Before all this, the blog, the channel, my love for running, I was a sprinter.
A sprinter who loathed long distance running, would look away whenever it was on the TV or would make comments whenever I seen track runners or folk running in inappropriate shorts – that was in 2012.
Flash forward four years later and I’m currently in love with running. Week in, week out you’ll find me either on the roads, gym or sometimes, running a parkrun, all for the good of, not just my health but because I love it.
It never used to be like this though…
In the summer of 2012, as part of my recovery from tearing an ACL, I ran a 10K for Sport Relief. I did it under an hour, the first time that I ran that distance. I enjoyed it, it was fun, but hot! Little did I know, that the 6.2 mile distance would be something I’d enjoy completing.
It wouldn’t be until late 2013 where the bug would truly bite.
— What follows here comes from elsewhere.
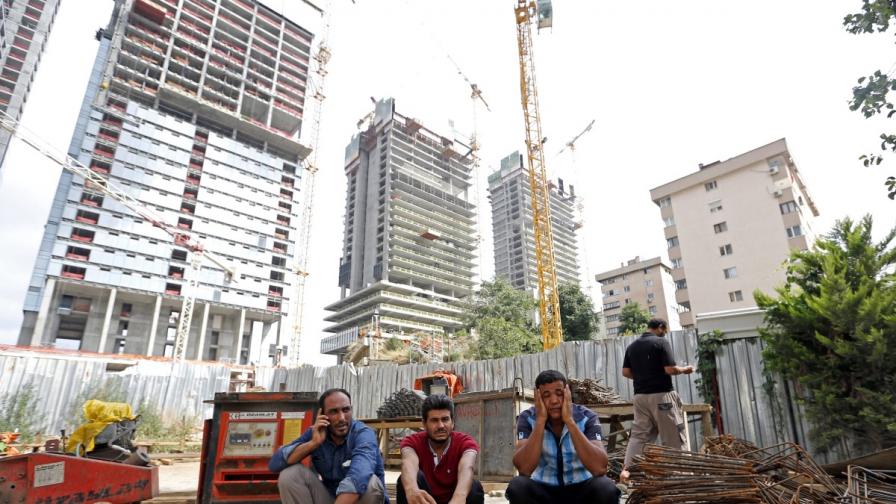 10 души загинаха при падане на асансьор в Истанбул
I was finishing my track and field season and the Great North Run was in full flow that year. I had friends running it and as they passed the three mile mark, me and Emma offered support on the bridge near our old flat. Watching everyone run that day made me think that, “maybe I can do this, maybe I could run the 13.1 miles.” That day, I decided to put my name in for the reminder service ahead of the ballot.
Try as I might, running was tough, starting out is the worst I think. Running three miles every Friday night was how I got started, but it was tough, really tough. I thought about giving up, however, I persevered. I kept up the running and bought running flats, I took it very seriously.
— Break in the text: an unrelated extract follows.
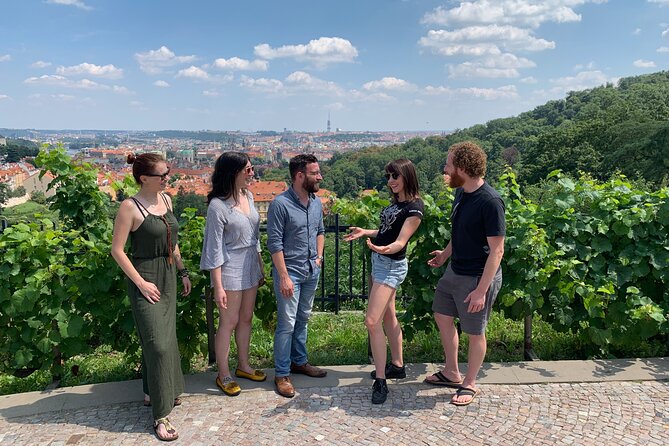 Prague Castle and Pubs Tour with Drinks Included - Guides: where the fun and the Czech context come from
My friends then introduced me to the parkrun. I had heard of it, a few runners mentioned it and I briefly read that they were on the rise for running. I plucked up the courage and registered, printing my barcodes in anticipation.
As I took the metro journey down to South Shields, for the first time in months, I was feeling nervous. Sitting with my bag and staring at my racing flats, this would be the first time I’ve raced in a while and a first in my new footwear.
Arriving in Shields, I had to leg it to the start line, over a mile I think I remember, which was perfect for a warm up. As I got to the start, it dawned on me that I had my bag, I had to kindly ask if I could stash it safely, which I was allowed but I felt awful!
I don’t remember a lot from the run other than it hurt and I struggled, particularly at the final mile. Crossing the line felt amazing and, as I struggled to get my sweaty barcode out, it dawned on me that’s the fastest I’ve ran over that distance.
I did hit a wall, eventually and it sucked. I stopped for a while, the runs dried up and the spark I once had, went out “if I can’t even run three miles, how on earth can I run 13?!” I asked myself, so I decided to join a running group.
Jesmond Joggers was easily the most welcoming running club I joined. I paid a fee per session and enjoyed meeting a new group. But my body decided that running 7+ miles every session didn’t feel great and eventually, my knee started to play havoc, so I took the decision that to lay off, recover and then train myself.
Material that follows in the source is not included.